Cyber Readiness Institute Releases Free Cyber Readiness Starter Kit to Help Small Businesses Protect Against Most Common Attacks

Washington, DC, September 30, 2019 – Protecting customers, partners and employees from cyber attacks is a daunting challenge for small business owners. Today, the Cyber Readiness Institute (CRI) released a new Cyber Readiness Starter Kit designed to demystify cybersecurity and provide easy to use tools and policies to reduce the risk of the most common cyber vulnerabilities.

“Too often, cybersecurity has been communicated in ways that are too complex and technical, and require too many resources for small business owners and leaders,” said Kiersten Todt, managing director of CRI. “The CRI Starter Kit provides easy to implement policies and tools that can be deployed to provide small businesses with effective approaches to address the most common tactics used by cyber criminals. The Starter Kit provides small business owners with prescriptive solutions to their most impactful cyber problems.”

Small businesses have long been easy targets for cyber criminals. But, we do know that focusing on four key attack vectors will greatly minimize risk. More than 60% of data breaches are a result of weak or stolen passwords, 91% of all attacks start with a phishing email, 27 percent of malware infections are introduced via a corrupted USB and 77% of attacks in 2017 could have been prevented if software was up-to-date.

The Starter Kit includes employee education programs about using secure passwords, updating software with the latest patches and managing the use of USB memory sticks. In addition, CRI provides a simple guide to help managers start the conversation with team members about cyber risks, protections and good practices; a quiz that office members can use to see how well they understand their security situation; and posters that can be used in offices to remind team members of critical lessons learned to help secure their digital possessions.

“Organizations of all sizes need to take action to understand and manage their cyber risk,” said Tom Burt, Corporate Vice President of Customer Security and Trust at Microsoft. “The CRI Starter Kit is tailored to help small businesses get on track and recognize positive impacts immediately, addressing high priority issues and building towards more comprehensive risk management programs.”

The Cyber Readiness Starter Kit is a great place to find basic guidance about cyber issues and risk. But some organizations need a more robust approach. CRI also offers the Cyber Readiness Program to provide greater cyber protections. The Cyber Readiness Program was developed with input from leading security experts at global companies, subject matter experts, and feedback from a pilot program of small businesses. The free, self-guided online program provides resources and tools—including policies, posters, and workforce education materials —that align with each step of the Program’s five-stage process. The Cyber Readiness Program is available in English, Spanish and Portuguese. The Program will be translated into Chinese, Japanese and French by yearend.

For more information, please contact Adam Benson at 202.999.9104 or

About the Cyber Readiness Institute

The Cyber Readiness Institute (CRI) convenes senior leaders of global companies—including Mastercard, Microsoft, ExxonMobil, Maersk, General Motors and others from around the world—to share best practices and resources to improve the cyber readiness of small and medium-sized enterprises.

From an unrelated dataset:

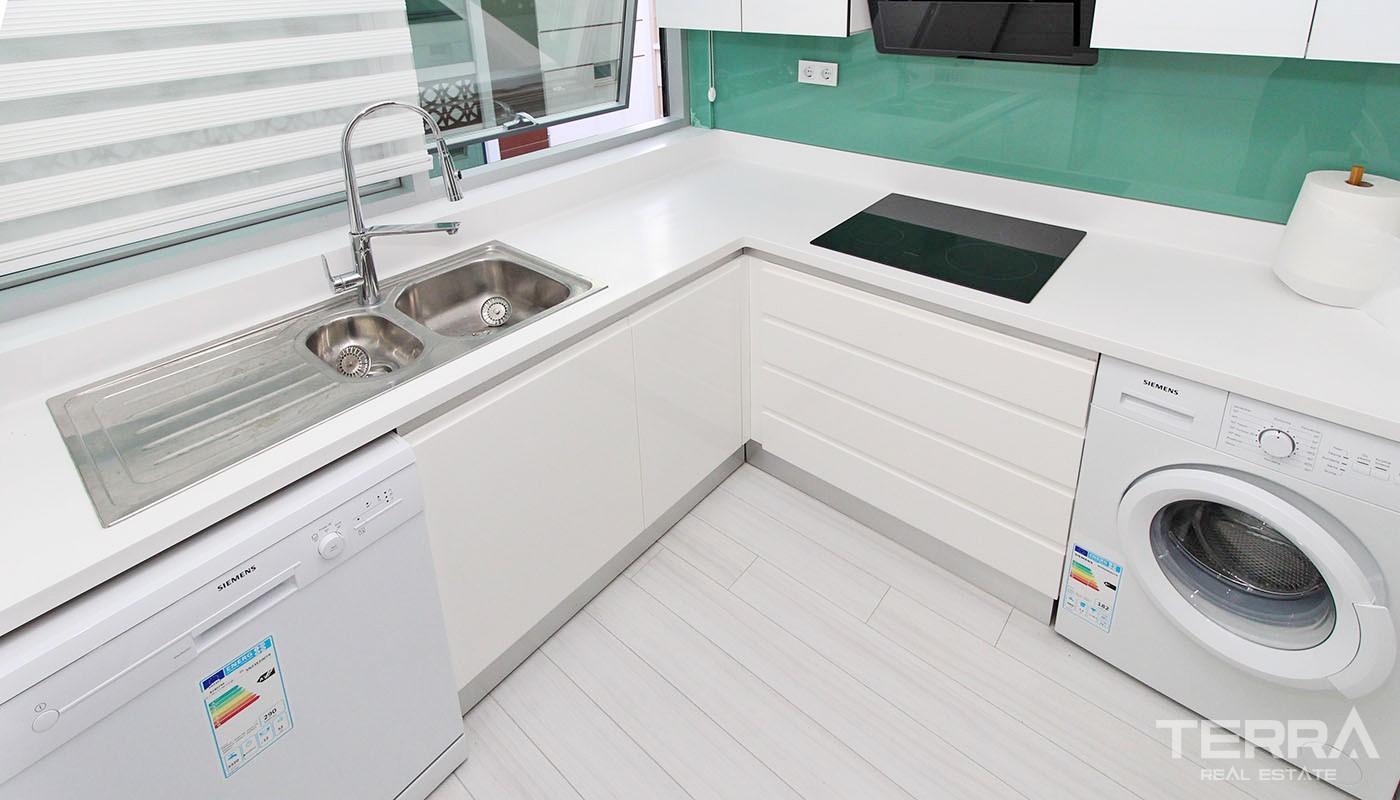 Well-Located Apartments in Riverside Concept 150 m to Konyaaltı Beach - 33242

The Institute’s co-chairs are Samuel J. Palmisano, retired president and CEO, IBM and current chairman, The Center for Global Enterprise; Ajay Banga, president and CEO, Mastercard; Satya Nadella, CEO, Microsoft; and Penny Pritzker, former U.S. Secretary of Commerce and current chairman, PSP Partners. The managing director of CRI is Kiersten Todt, former executive director of the Presidential Commission on Enhancing National Cybersecurity.